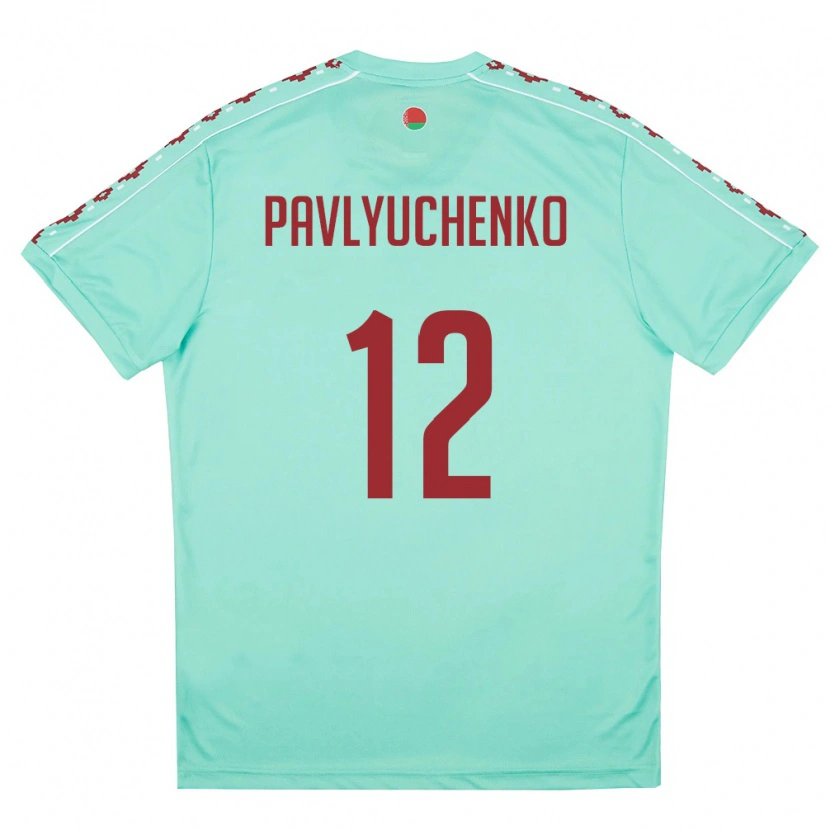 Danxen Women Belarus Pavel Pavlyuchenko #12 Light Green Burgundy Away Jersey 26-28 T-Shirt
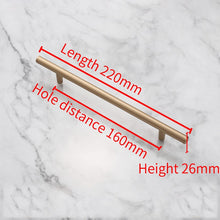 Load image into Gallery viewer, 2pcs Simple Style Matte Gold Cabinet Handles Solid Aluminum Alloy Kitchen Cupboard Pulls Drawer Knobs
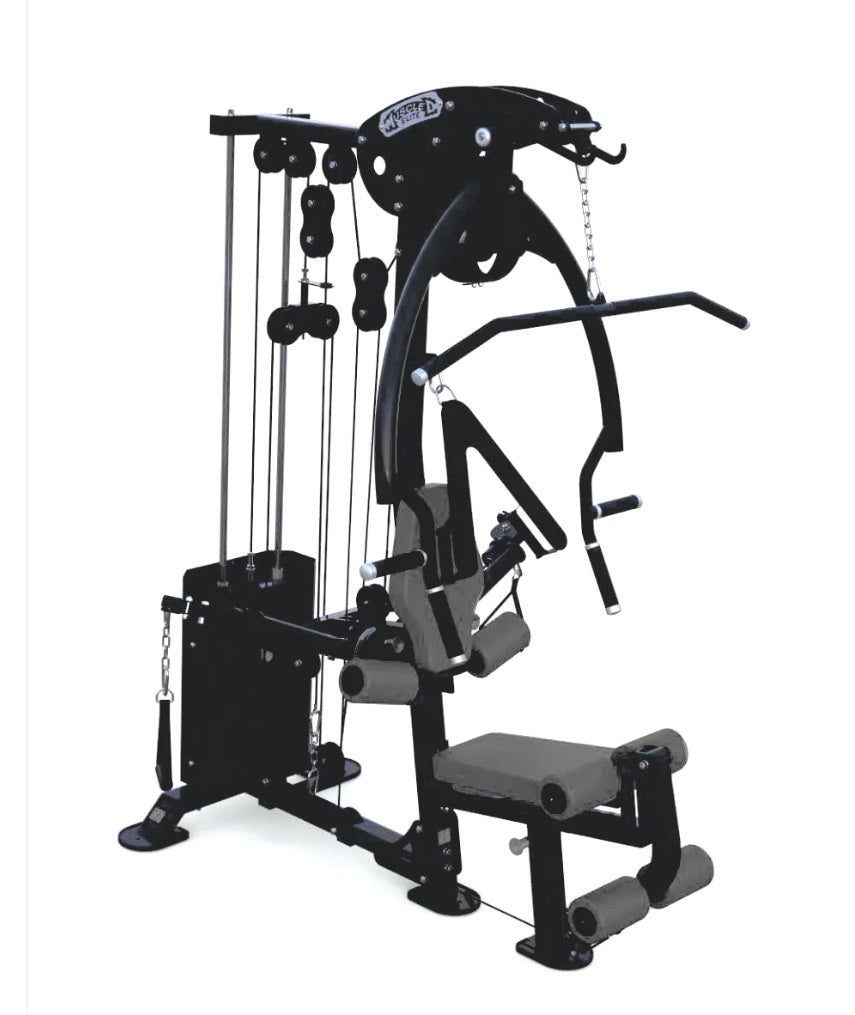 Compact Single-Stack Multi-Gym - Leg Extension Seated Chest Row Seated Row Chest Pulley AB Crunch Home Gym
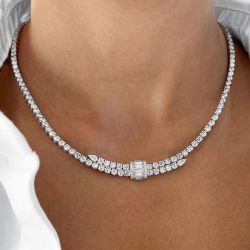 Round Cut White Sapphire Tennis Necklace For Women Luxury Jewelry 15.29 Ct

Work instructions: Starting at the first line of the material, output exactly the lines up to and including the one with "Load image into". Do not include the pictures.

Answer space:
 Danxen Women Belarus Pavel Pavlyuchenko #12 Light Green Burgundy Away Jersey 26-28 T-Shirt
 Load image into Gallery viewer, 2pcs Simple Style Matte Gold Cabinet Handles Solid Aluminum Alloy Kitchen Cupboard Pulls Drawer Knobs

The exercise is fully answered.